Work item >> The answer must be an exact reprint of the lines from the one with "Then comes the" through the final line of the data, with no pictures included.

[Input records — start]

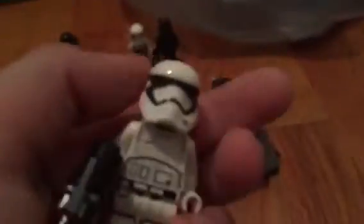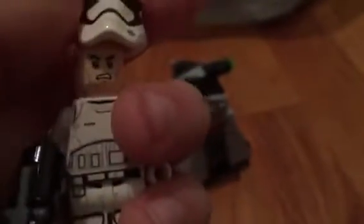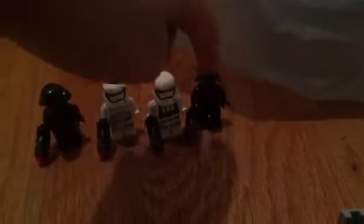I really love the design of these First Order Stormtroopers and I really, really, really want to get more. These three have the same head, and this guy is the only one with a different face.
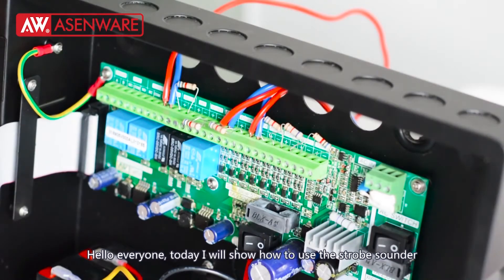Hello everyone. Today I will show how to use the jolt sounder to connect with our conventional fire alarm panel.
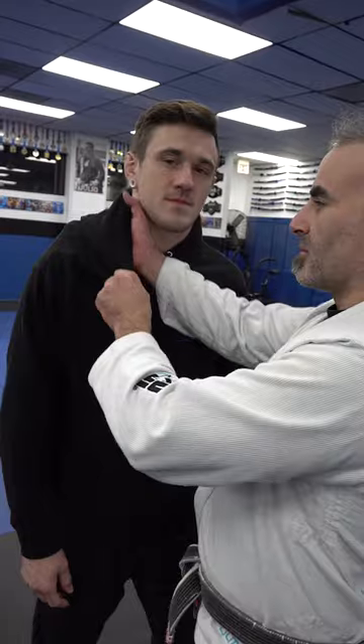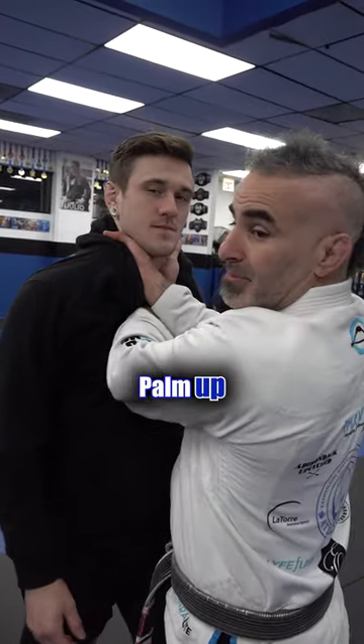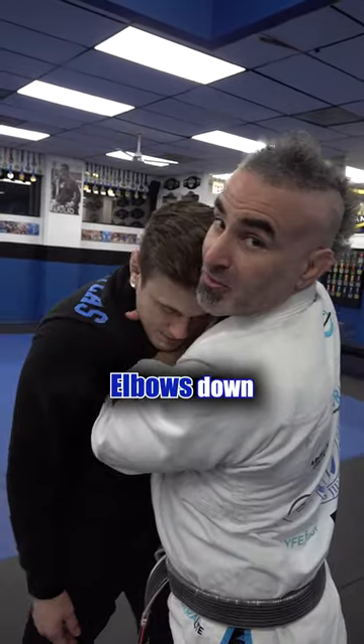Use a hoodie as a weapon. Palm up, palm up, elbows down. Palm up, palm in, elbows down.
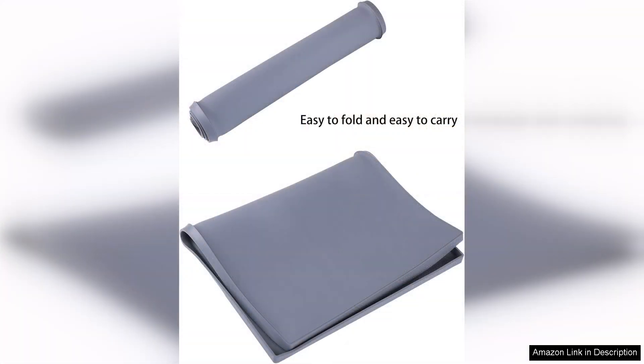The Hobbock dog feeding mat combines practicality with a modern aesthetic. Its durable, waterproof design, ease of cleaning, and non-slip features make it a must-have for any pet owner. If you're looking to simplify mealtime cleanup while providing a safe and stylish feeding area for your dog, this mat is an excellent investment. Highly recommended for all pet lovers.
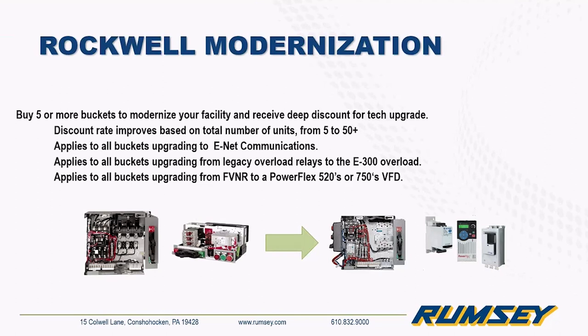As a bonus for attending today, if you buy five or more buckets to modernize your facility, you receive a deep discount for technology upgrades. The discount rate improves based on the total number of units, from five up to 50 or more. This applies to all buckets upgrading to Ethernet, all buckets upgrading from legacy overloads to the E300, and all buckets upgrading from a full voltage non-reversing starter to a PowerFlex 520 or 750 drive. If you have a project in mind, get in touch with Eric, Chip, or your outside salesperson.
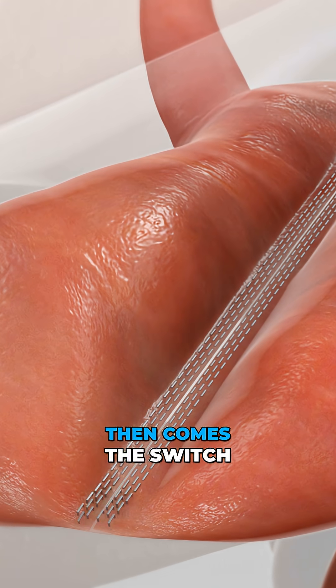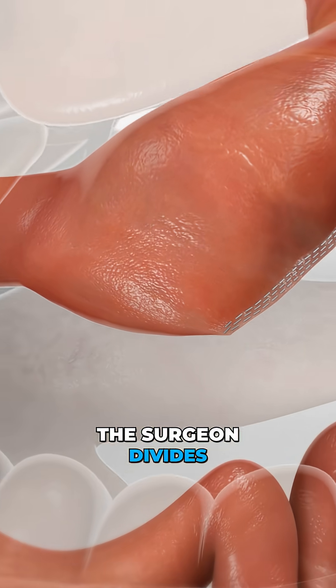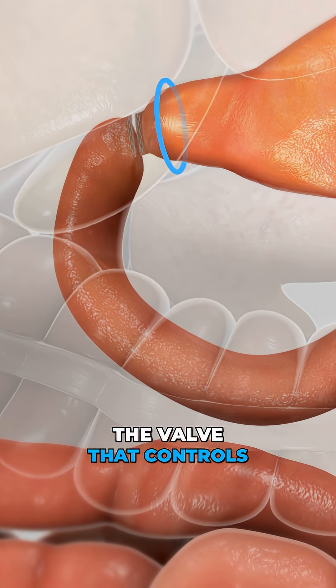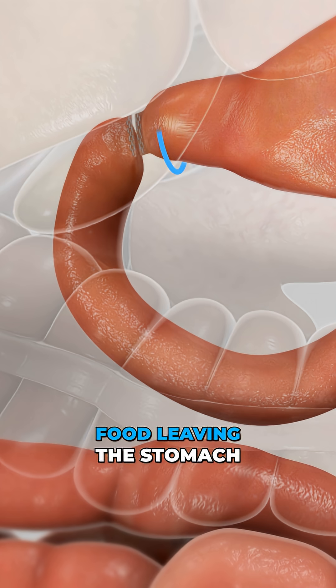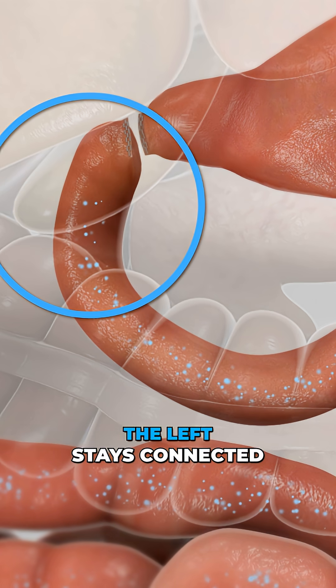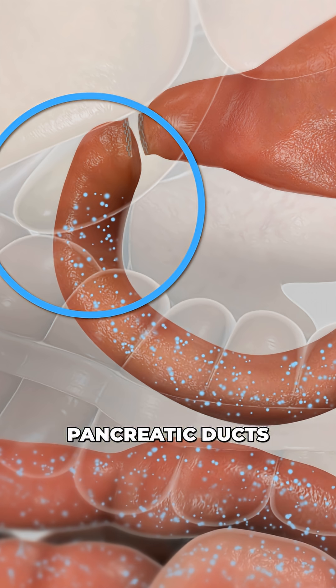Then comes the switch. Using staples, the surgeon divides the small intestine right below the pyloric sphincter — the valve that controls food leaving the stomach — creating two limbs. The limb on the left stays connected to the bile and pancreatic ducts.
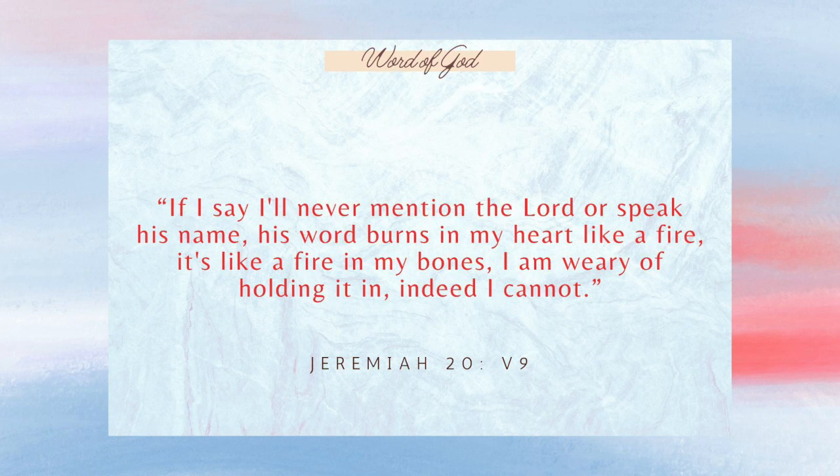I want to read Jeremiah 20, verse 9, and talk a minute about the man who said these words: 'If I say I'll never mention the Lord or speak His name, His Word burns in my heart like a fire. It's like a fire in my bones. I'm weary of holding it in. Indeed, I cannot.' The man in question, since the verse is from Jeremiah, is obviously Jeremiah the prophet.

[Input records — finish]

Answer to this exercise >>
Then comes the switch. Using staples, the surgeon divides the small intestine right below the pyloric sphincter — the valve that controls food leaving the stomach — creating two limbs. The limb on the left stays connected to the bile and pancreatic ducts.
I want to read Jeremiah 20, verse 9, and talk a minute about the man who said these words: 'If I say I'll never mention the Lord or speak His name, His Word burns in my heart like a fire. It's like a fire in my bones. I'm weary of holding it in. Indeed, I cannot.' The man in question, since the verse is from Jeremiah, is obviously Jeremiah the prophet.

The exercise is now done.